Complaints plague fed employment program
J-1 Summer Work Travel Program lacks worker protections, advocates say
Oliver Benzon worked in a call center for six months to pay a recruitment agency $3,000 for a chance to be hired as a chef at an Ocean City restaurant under a federal summer work program.
But when the Dominican Republic citizen arrived in Maryland, the restaurant hadn’t yet opened — and he and others were instead given work in construction, he said. To make matters worse, his supervisor later paid Benzon only a percentage of what he was owed, Benzon said. “He just said that I could take or leave the money he was offering me,” Benzon said. “We were treated like dirt because our supervisors knew we couldn’t complain.”
Benzon, who declined to name the restaurant because of ongoing legal proceedings, was one of the estimated 5,557 workers in Maryland who participated last year in the J-1 Summer Work Travel Program, one of the federal government’s largest cultural exchange programs.

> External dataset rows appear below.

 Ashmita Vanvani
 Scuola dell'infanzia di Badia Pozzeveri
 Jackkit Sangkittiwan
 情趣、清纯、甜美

The program, which the federal government promotes as a work opportunity for foreign students “to be exposed to the people and way of life in the United States,” lacks safeguards for the workers and relies on recruitment or “sponsor” agencies that profit from the program to oversee it, according to the International Labor Recruitment Working Group, a coalition seeking to end systemic abuse of workers recruited to the United States.

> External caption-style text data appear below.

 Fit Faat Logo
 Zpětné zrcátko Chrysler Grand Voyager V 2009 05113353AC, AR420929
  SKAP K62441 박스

The program’s structure, labor advocates say, leaves its workers vulnerable to wage theft, retaliation, physical threats and human trafficking.
Meredith Stewart, senior supervising attorney at the Southern Poverty Law Center, is a member of the working group — which has represented thousands of workers with complaints. She called the exchange effort a “broken program — nothing more than a smokescreen for many U.S. employers to gain access to cheap employees.”
The U.S. State Department, which administers the program, has a 24-hour, toll-free hotline (866-283-9090) and email address (jvisas@state.gov) for reports of abuse and considers the safety and security of the workers “our first priority,” the agency said in a statement.
The State Department “has zero tolerance for any abuse and misconduct,” the statement said, and it takes seriously all reports about the health, safety or welfare of exchange participants. It said the department monitors sponsors’ programs to ensure they adhere to federal regulations. The Office of Private Sector Exchange Administration responds to incidents such as death, serious injury, sexual abuse, arrest of a worker, or a visa holder’s involvement in a serious crime as a victim or perpetrator.
“We expect sponsors to manage their designated programs in a manner detailed in the federal regulations and by sound business and ethical practices,” the agency said.
Roughly 16,000 companies, including Disney, Six Flags and McDonald’s, hire summer workers through the program each year. Maryland employs one of the five largest J-1 workforces in the country. The top employers in the state include High Sierra Pools, Food Lion, Jolly Roger Amusement Park, McDonald’s and Seacrets Jamaica USA in Ocean City, according to the recruitment working group. Members of the working group include Centro De los Derechos Del Migrante, a Baltimore-based nonprofit dedicated to defending migrant workers’ rights. The advocates say some employers use the program interchangeably with other seasonal work programs, such as the H2B visas, which allow Eastern Shore crab houses to hire crab pickers from Mexico for the summer. Those visas include a prevailing wage rule and other standards and require the employer to try to hire local workers first. Employers are exempt from paying state or federal taxes on their J-1 employees, advocates said.
If J-1 workers run into a problem, they typically are referred to their sponsor or recruitment agency, which profits from their placement in that job, creating “an absurd and obvious conflict of interest,” said Daniel Costa, director of immigration law and policy research at the Economic Policy Institute. Costa said the program is “fundamentally flawed.”
Shannon Lederer, director of immigration policy at the AFL-CIO, a national federation of union workers, said the J-1 program takes advantage of “temporary and vulnerable workers” who come to the country expecting a work and cultural opportunity backed by a federal government program.
“It’s not OK that they don’t earn living wages; it’s not OK that they don’t have health insurance,” Lederer said. “It’s unacceptable to allow this program to persist without real oversight.”